Petitioner is a state prisoner proceeding pro se with a petition for writ of habeas corpus pursuant to 28 U.S.C. § 2254. He has consented to the jurisdiction of the Magistrate Judge pursuant to 28 U.S.C. § 636(c).
On September 21, 2014, Petitioner filed the instant Petition for writ of habeas corpus. He raises the following two grounds for relief in his Petition: (1) "Diplomatic immunity from prosecution by the State court;" and (2) "Denial of Petitioner's right to appeal... by upholding the trail court's grant of appellant's forced, coerced, and induced waiving of right to counsel." (Pet. at 5, ECF No. 1).
A petitioner who is in state custody and wishes to collaterally challenge his conviction by a petition for writ of habeas corpus must exhaust state judicial remedies. 28 U.S.C. § 2254(b)(1). The exhaustion doctrine is based on comity to the state court and gives the state court the initial opportunity to correct the state's alleged constitutional deprivations. Coleman v. Thompson , 501 U.S. 722, 731 (1991); Rose v. Lundy , 455 U.S. 509, 518 (1982); Buffalo v. Sunn , 854 F.2d 1158, 1163 (9th Cir. 1988).
A petitioner can satisfy the exhaustion requirement by providing the highest state court with a full and fair opportunity to consider each claim before presenting it to the federal court. Duncan v. Henry , 513 U.S. 364, 365 (1995); Picard v. Connor , 404 U.S. 270, 276 (1971); Johnson v. Zenon , 88 F.3d 828, 829 (9th Cir. 1996). A federal court will find that the highest state court was given a full and fair opportunity to hear a claim if the petitioner has presented the highest state court with the claim's factual and legal basis. Duncan , 513 U.S. at 365 (legal basis); Kenney v. Tamayo-Reyes , 504 U.S. 1, 8-10 (1992) (factual basis).
Additionally, the petitioner must have specifically told the state court that he was raising a federal constitutional claim. Duncan , 513 U.S. at 365-66; Lyons v. Crawford , 232 F.3d 666, 669 (9th Cir.2000), amended, 247 F.3d 904 (2001); Hiivala v. Wood , 195 F.3d 1098, 1106 (9th Cir.1999); Keating v. Hood , 133 F.3d 1240, 1241 (9th Cir.1998). In Duncan, the United States Supreme Court reiterated the rule as follows:
In Picard v. Connor , 404 U.S. 270, 275... (1971), we said that exhaustion of state remedies requires that petitioners "fairly presen[t]" federal claims to the state courts in order to give the State the "opportunity to pass upon and correct alleged violations of the prisoners' federal rights" (some internal quotation marks omitted). If state courts are to be given the opportunity to correct alleged violations of prisoners' federal rights, they must surely be alerted to the fact that the prisoners are asserting claims under the United States Constitution. If a habeas petitioner wishes to claim that an evidentiary ruling at a state court trial denied him the due process of law guaranteed by the Fourteenth Amendment, he must say so, not only in federal court, but in state court.

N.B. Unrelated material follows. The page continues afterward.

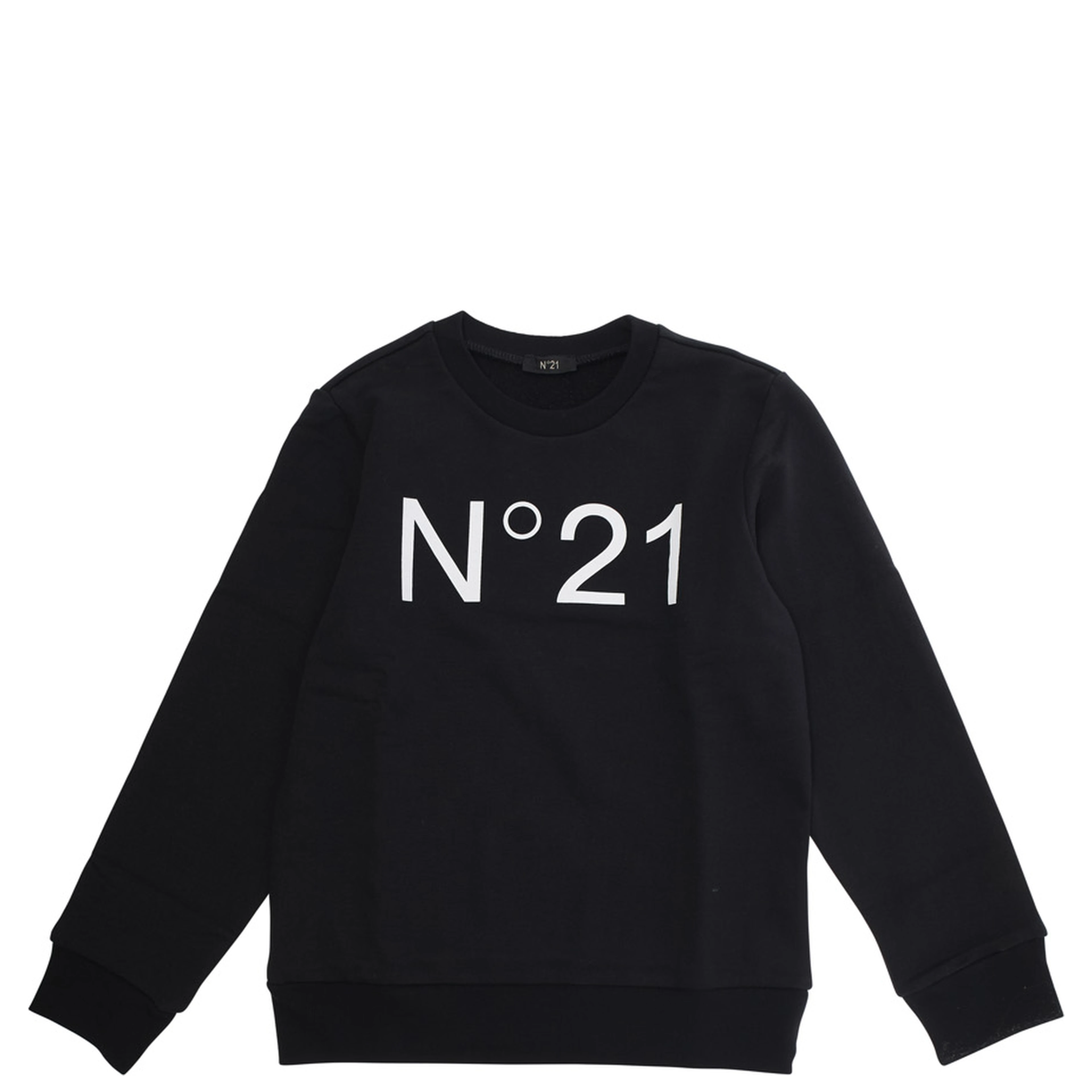 Crewneck Sweatshirt with Maxi Logo Print in Black Cotton Girl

Duncan , 513 U.S. at 365-366. The Ninth Circuit examined the rule further, stating:
Our rule is that a state prisoner has not "fairly presented" (and thus exhausted) his federal claims in state court unless he specifically indicated to that court that those claims were based on federal law. See Shumway v. Payne , 223 F.3d 982, 987-88 (9th Cir. 2000). Since the Supreme Court's decision in Duncan, this court has held that the petitioner must make the federal basis of the claim explicit either by citing federal law or the decisions of federal courts, even if the federal basis is "self-evident, " Gatlin v. Madding , 189 F.3d 882, 889 (9th Cir. 1999) (citing Anderson v. Harless , 459 U.S. 4, 7... (1982), or the underlying claim would be decided under state law on the same considerations that would control resolution of the claim on federal grounds. Hiivala v. Wood , 195 F.3d 1098, 1106-07 (9th Cir. 1999); Johnson v. Zenon , 88 F.3d 828, 830-31 (9th Cir. 1996);....
In Johnson, we explained that the petitioner must alert the state court to the fact that the relevant claim is a federal one without regard to how similar the state and federal standards for reviewing the claim may be or how obvious the violation of federal law is.

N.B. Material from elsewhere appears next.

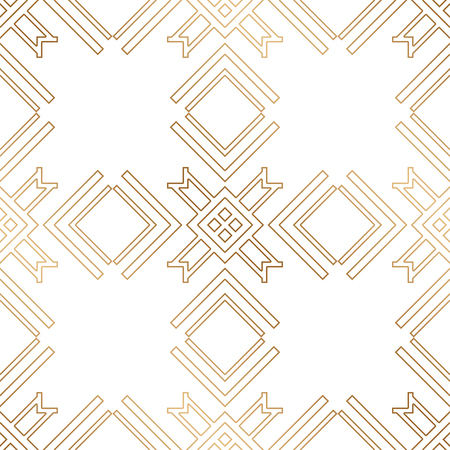 Art Deco Pattern. Seamless golden background. Minimalistic geometric design. Vector line design. 1920-30s motifs. Luxury vintage illustrationのイラスト素材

Lyons v. Crawford , 232 F.3d 666, 668-669 (9th Cir. 2000).
Upon review of the Petition, it appears that Petitioner has not sought review of the first ground for relief in the California Supreme Court. Petitioner stated that the first ground for relief "was not previously presented in state court due to the guidelines of an appellant direct appeal." (Pet. at 6). Petitioner has a pending petition for writ of habeas corpus in the Kern County Superior Court. (Pet. at 3-4). If Petitioner has not sought relief in the California Supreme Court, the Court cannot proceed to the merits of those claims. 28 U.S.C. § 2254(b)(1). It is possible, however, that Petitioner has presented all of his claims to the California Supreme Court and failed to indicate this to the Court. Thus, Petitioner must inform the Court whether each of his claims has been presented to the California Supreme Court, and if possible, provide the Court with a copy of the petition filed in the California Supreme Court that includes the claims now presented and a file stamp showing that the petition was indeed filed in the California Supreme Court.

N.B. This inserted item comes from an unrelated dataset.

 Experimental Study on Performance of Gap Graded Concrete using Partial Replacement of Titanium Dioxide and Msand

Moreover, if the Petition contains unexhausted and exhausted claims, it is a mixed petition. See Rose , 455 U.S. at 520-22. The Court must dismiss a mixed petition without prejudice to give Petitioner an opportunity to exhaust the claims if he can do so. See Id. at 521-22. However, if a petition contains unexhausted claims, a petitioner may, at his option, withdraw the unexhausted claims and go forward with the exhausted claims. Anthony v. Cambra , 236 F.3d 568, 574 (9th Cir. 2000) ("[D]istrict courts must provide habeas ...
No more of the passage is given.